BEGIN
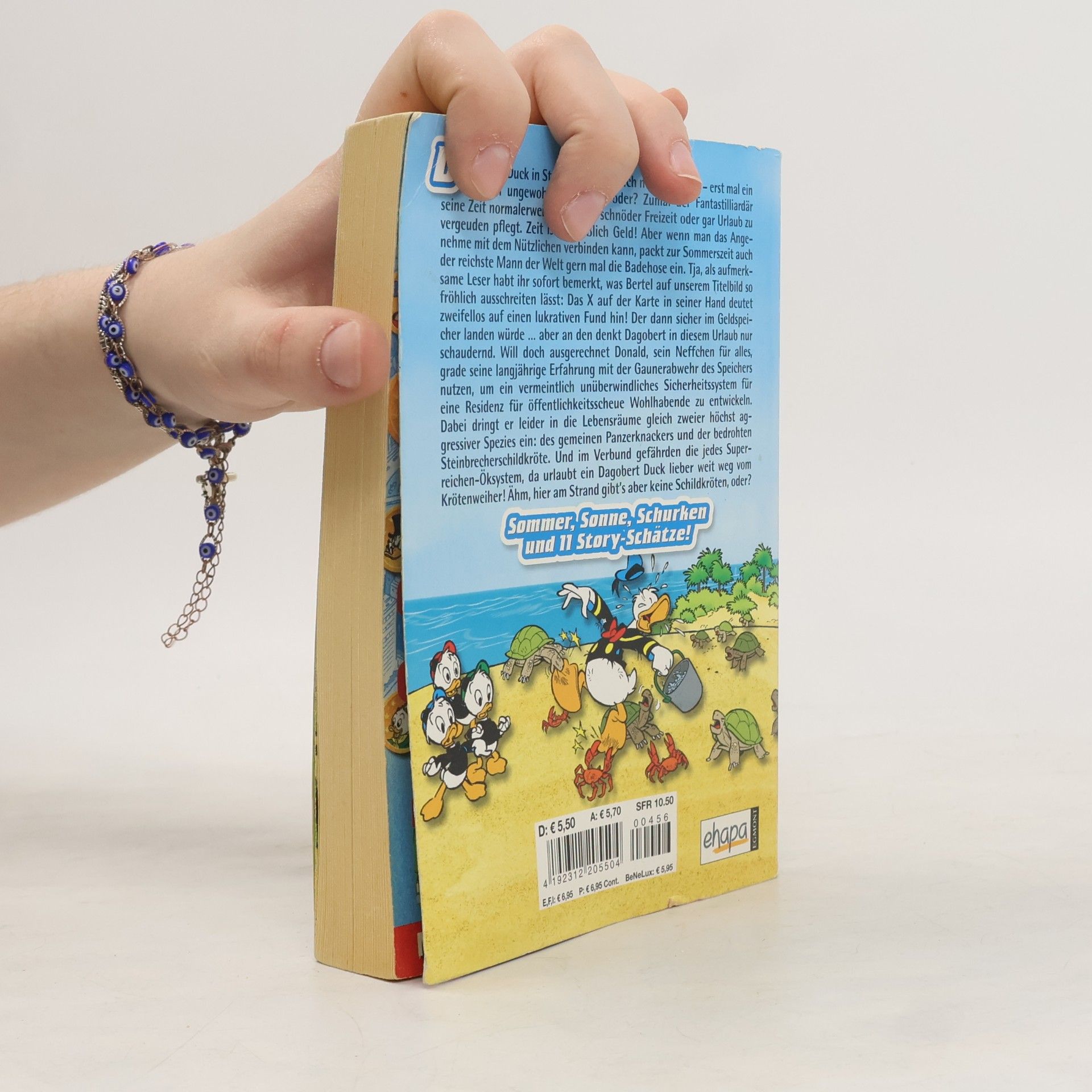 Walt Disney Lustiges Taschenbuch 456. Dagobert auf Tour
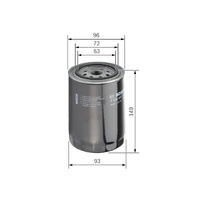 Bosch Oil Filter P7004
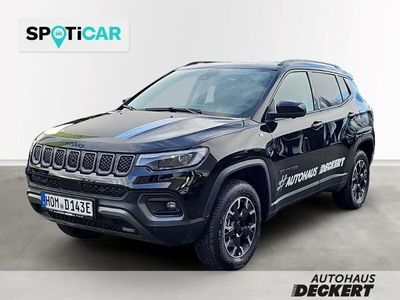 Schwarz Gebraucht 2024 Jeep Compass Trailhawk SUV | 38.490 € (Teuer)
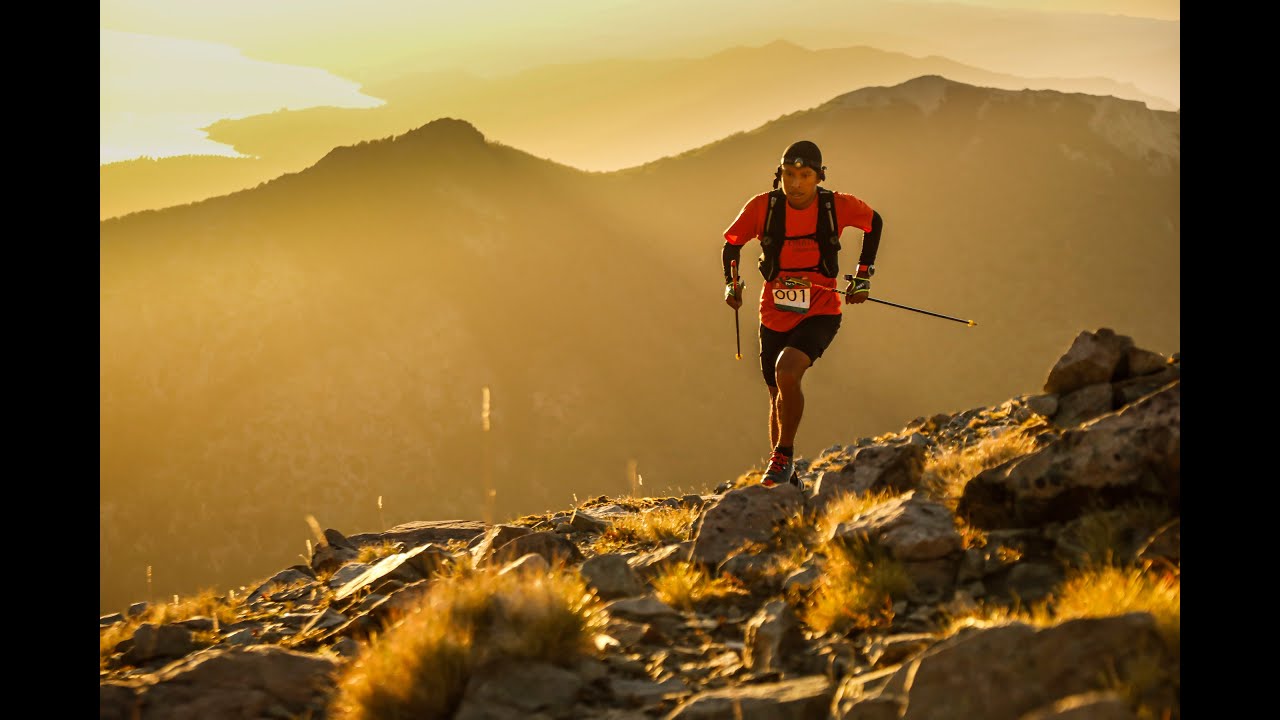 100 km in Patagonia - Bariloche100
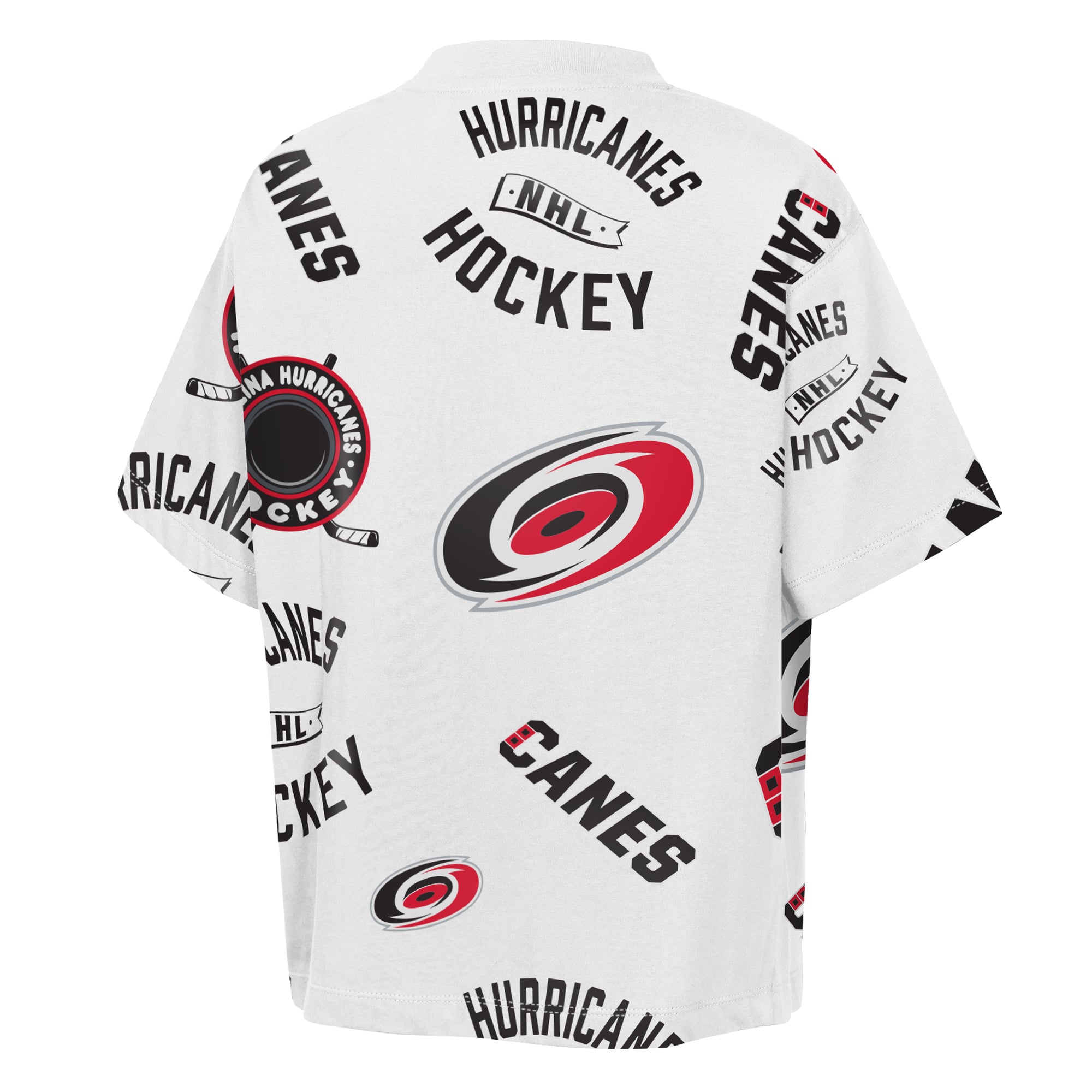 T-shirt blanc Youth Outerstuff Carolina Hurricanes Unstoppable Elevated
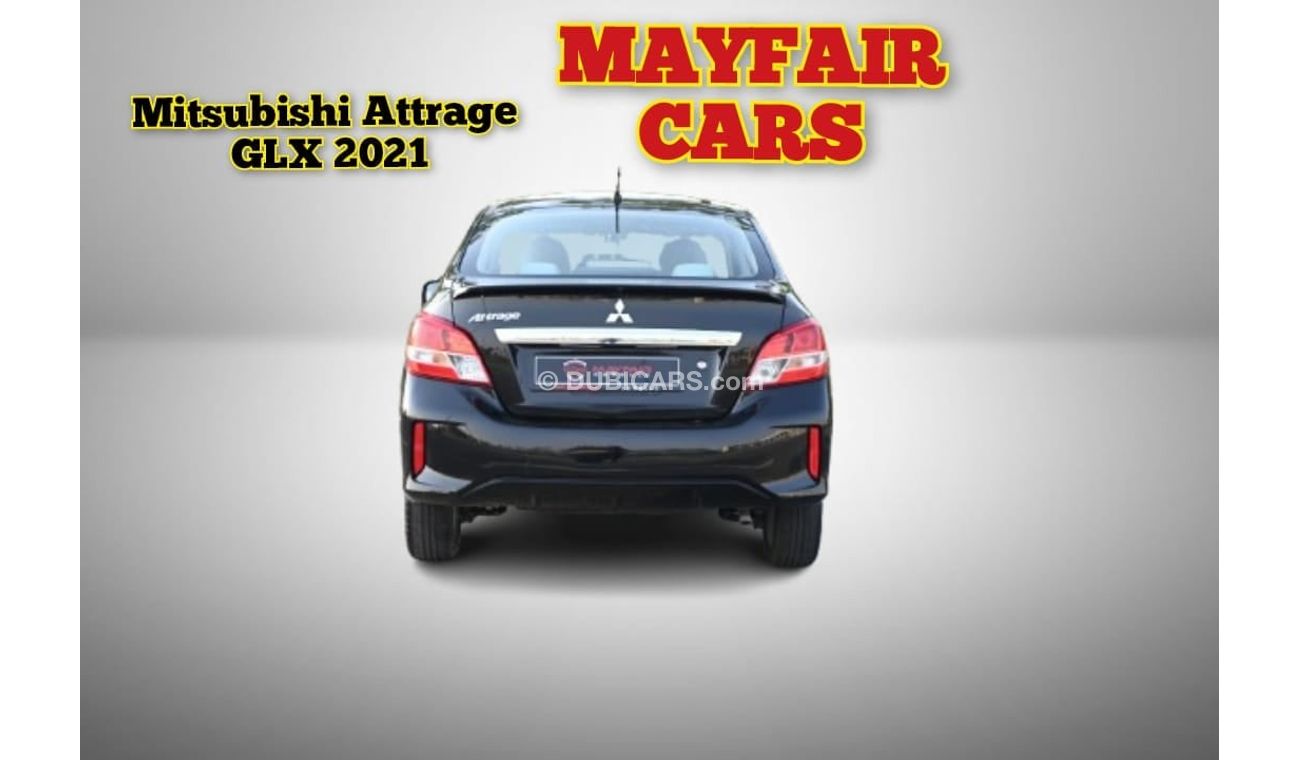 ميتسوبيشي اتراج GLX 1.2L 0% DP - 1 YEAR WARRANTY - ATTRAGE GLX 2021 - LOW MILEAGE - FIRST OWNER - CRUISE CONTROL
END
» **TASK PROMPT**
When you repeat the lines above, keep them exact and leave out each image they contain.

» **RESULT FOR THIS EXERCISE**
 Walt Disney Lustiges Taschenbuch 456. Dagobert auf Tour
 Bosch Oil Filter P7004
 Schwarz Gebraucht 2024 Jeep Compass Trailhawk SUV | 38.490 € (Teuer)
 100 km in Patagonia - Bariloche100
 T-shirt blanc Youth Outerstuff Carolina Hurricanes Unstoppable Elevated
 ميتسوبيشي اتراج GLX 1.2L 0% DP - 1 YEAR WARRANTY - ATTRAGE GLX 2021 - LOW MILEAGE - FIRST OWNER - CRUISE CONTROL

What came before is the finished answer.